* [Directions for this task]:
Produce an exact transcription of the data, with the images left out.

━━━━━━━━━━━━━━━━━━━━━━━━━━━━━━

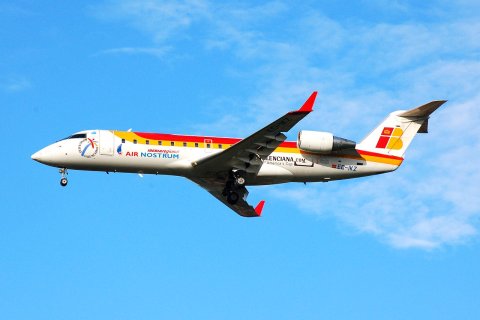 EC-IKZ - CRJ-200ER - Iberia Regional - BRU - 26-11-2006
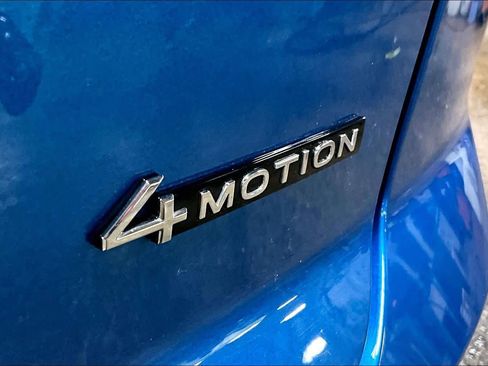 Used 2025 Volkswagen Atlas Cross Sport SE image 10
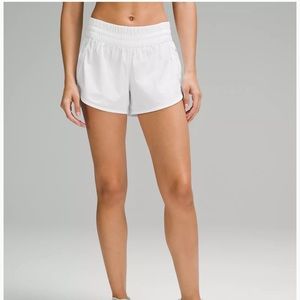 Lululemon Tracker Low Rise lined short 4”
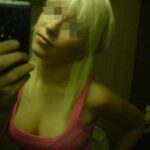 Fille tr&egrave;s chaude &agrave; fister &agrave; Bouguenais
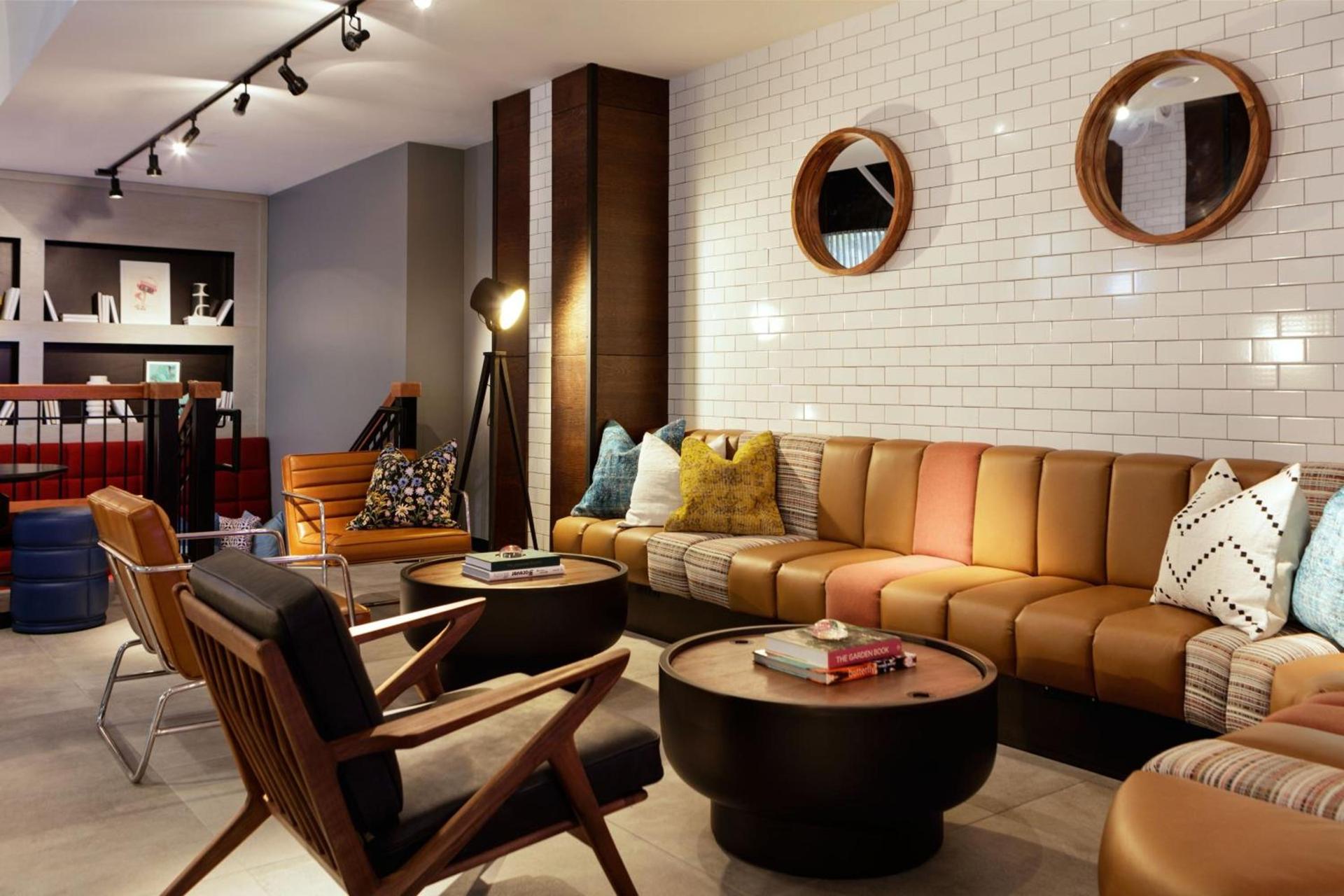 Moxy Richmond Downtown photo 25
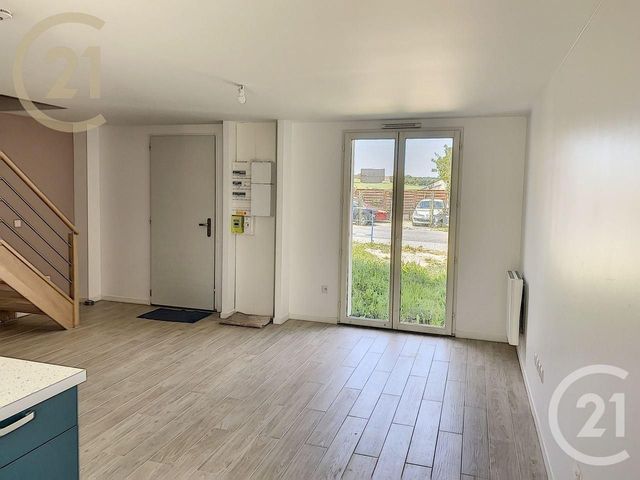 maison à louer - 4 pièces - 80.36 m2 - JUTIGNY - 77 - ILE-DE-FRANCE - Century 21 Martinot Immobilier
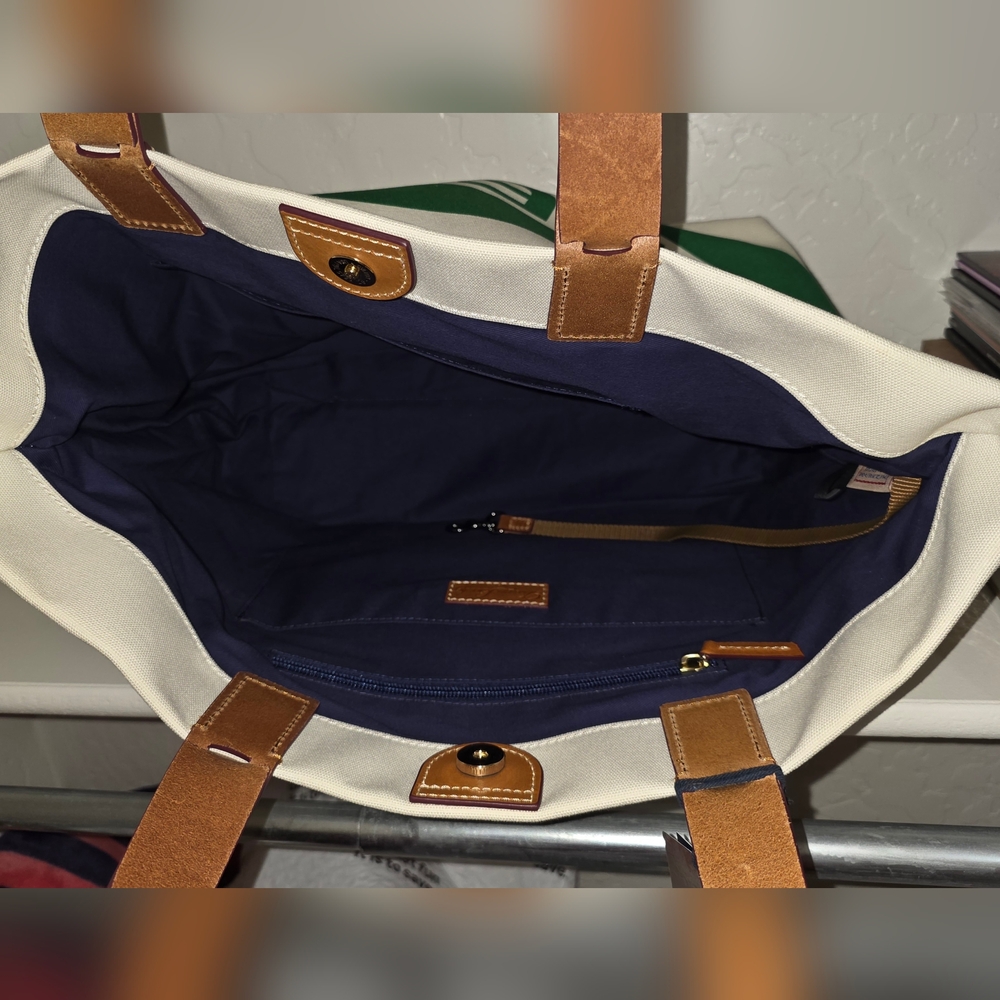 Dooney & Bourke University of Oregon Tote - Picture 5 of 7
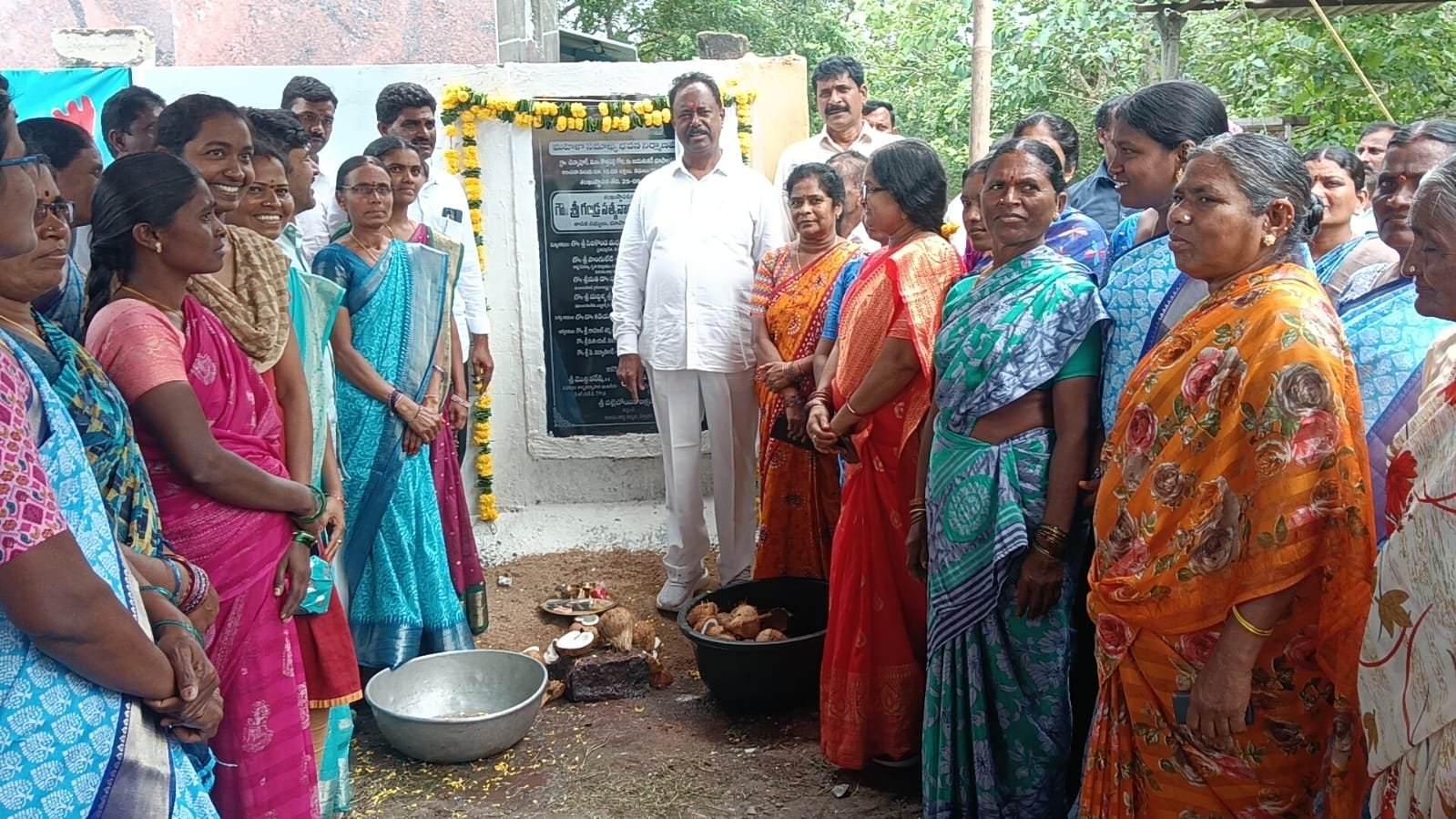 మహిళా సంఘాల వీవో భవన నిర్మాణానికి శంకుస్థాపన చేసిన ఎమ్మెల్యే జీఎస్సార్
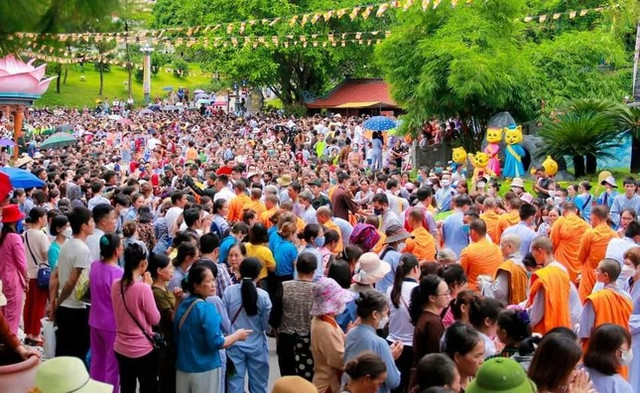 Quảng Ninh yêu cầu chùa Ba Vàng gỡ bỏ clip cúng dường phản cảm Quang Ninh yeu cau chua Ba Vang go bo clip cung duong phan cam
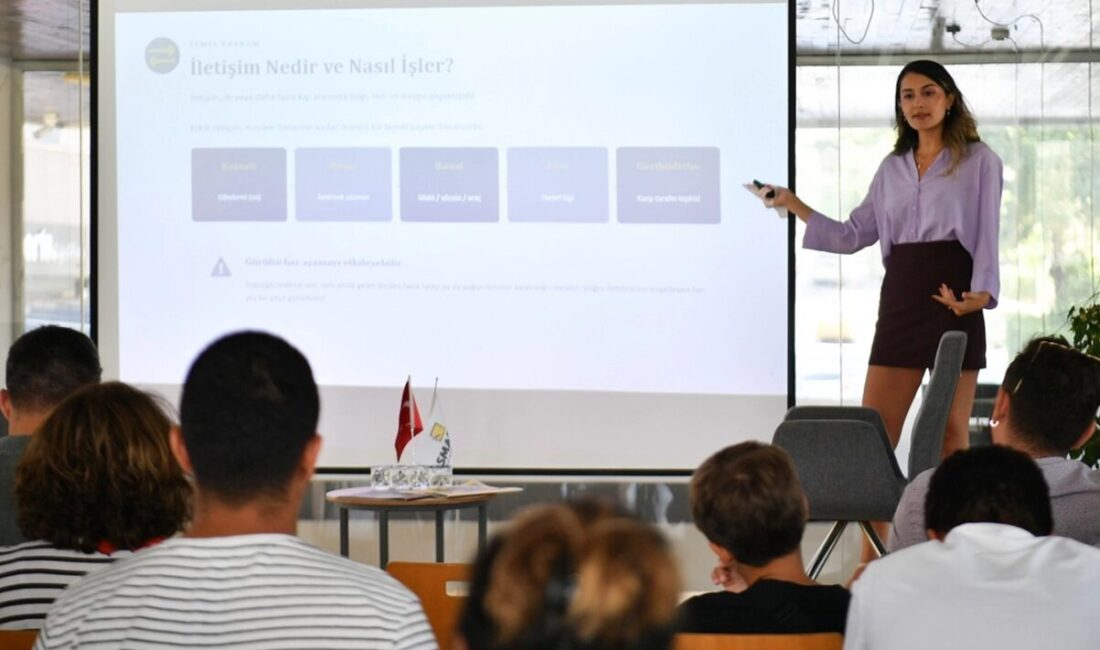 Beylikdüzü Belediyesi, SMART TALKS etkinlikleriyle teknoloji, girişimcilik, bilim ve kişisel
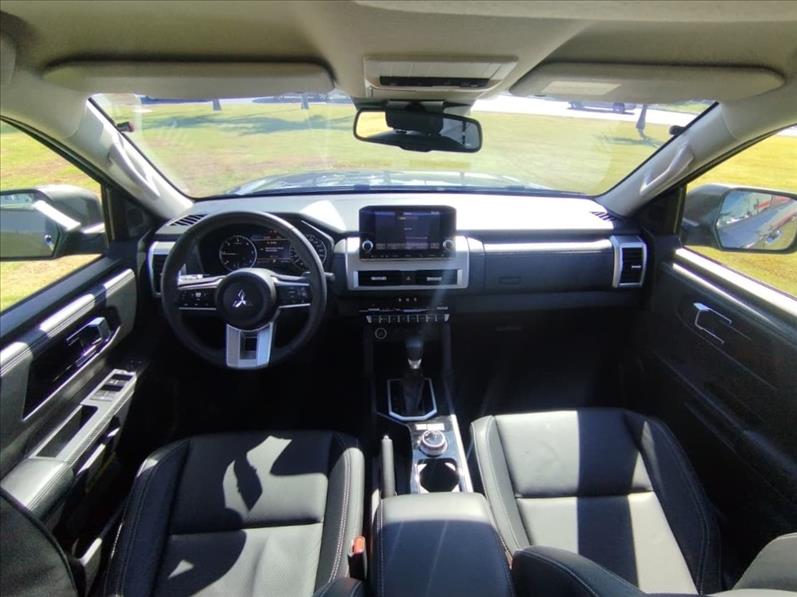  TRITON  2.4 Biturbo CD Hpe-s 4X4 8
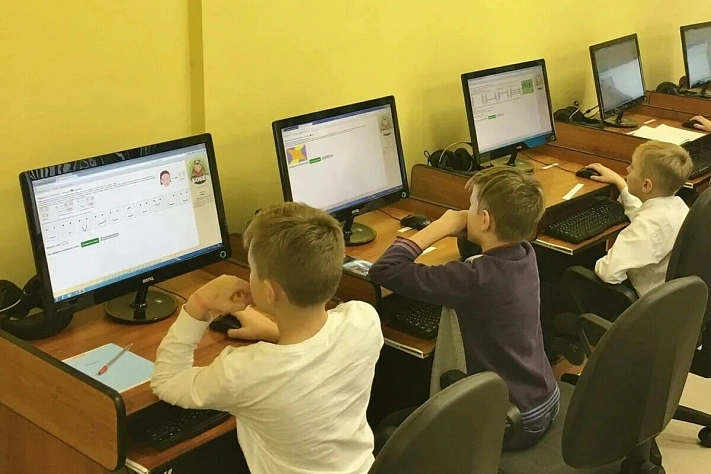 С 1 сентября в школах России начнут учить искусственному интеллекту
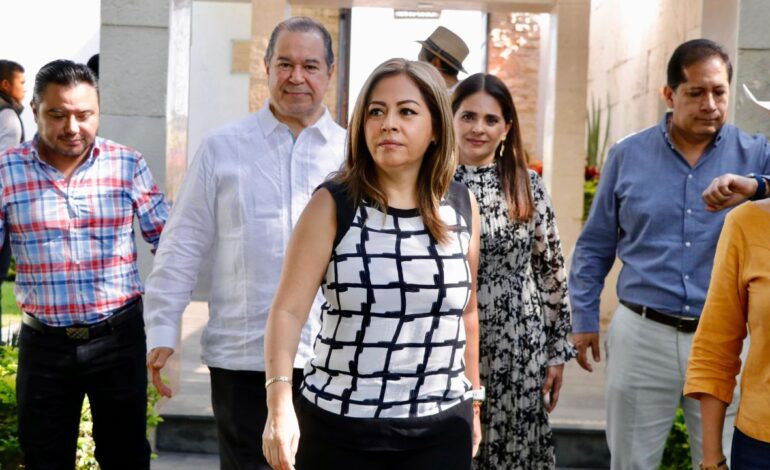 Empresarios apoyan petición de Lucy Meza para realizar tres debates en Morelos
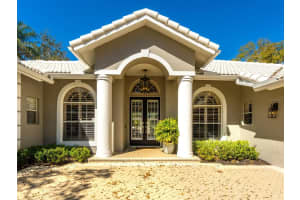 8484 WOODBRIAR DRIVE, SARASOTA, FL 34238 Sold 03/16/23
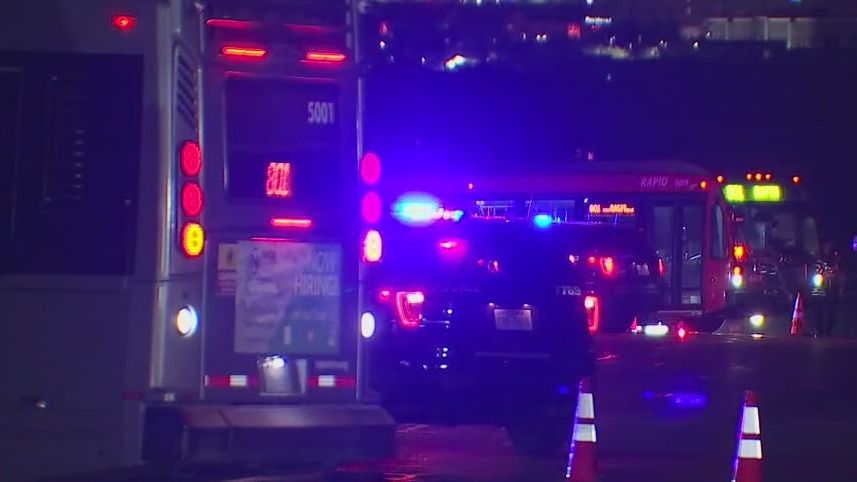 2 killed, 1 critically injured in multiple auto-pedestrian crashes overnight in Austin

━━━━━━━━━━━━━━━━━━━━━━━━━━━━━━

* [Answer for the task]:
 EC-IKZ - CRJ-200ER - Iberia Regional - BRU - 26-11-2006
 Used 2025 Volkswagen Atlas Cross Sport SE image 10
 Lululemon Tracker Low Rise lined short 4”
 Fille tr&egrave;s chaude &agrave; fister &agrave; Bouguenais
 Moxy Richmond Downtown photo 25
 maison à louer - 4 pièces - 80.36 m2 - JUTIGNY - 77 - ILE-DE-FRANCE - Century 21 Martinot Immobilier
 Dooney & Bourke University of Oregon Tote - Picture 5 of 7
 మహిళా సంఘాల వీవో భవన నిర్మాణానికి శంకుస్థాపన చేసిన ఎమ్మెల్యే జీఎస్సార్
 Quảng Ninh yêu cầu chùa Ba Vàng gỡ bỏ clip cúng dường phản cảm Quang Ninh yeu cau chua Ba Vang go bo clip cung duong phan cam
 Beylikdüzü Belediyesi, SMART TALKS etkinlikleriyle teknoloji, girişimcilik, bilim ve kişisel
  TRITON  2.4 Biturbo CD Hpe-s 4X4 8
 С 1 сентября в школах России начнут учить искусственному интеллекту
 Empresarios apoyan petición de Lucy Meza para realizar tres debates en Morelos
 8484 WOODBRIAR DRIVE, SARASOTA, FL 34238 Sold 03/16/23
 2 killed, 1 critically injured in multiple auto-pedestrian crashes overnight in Austin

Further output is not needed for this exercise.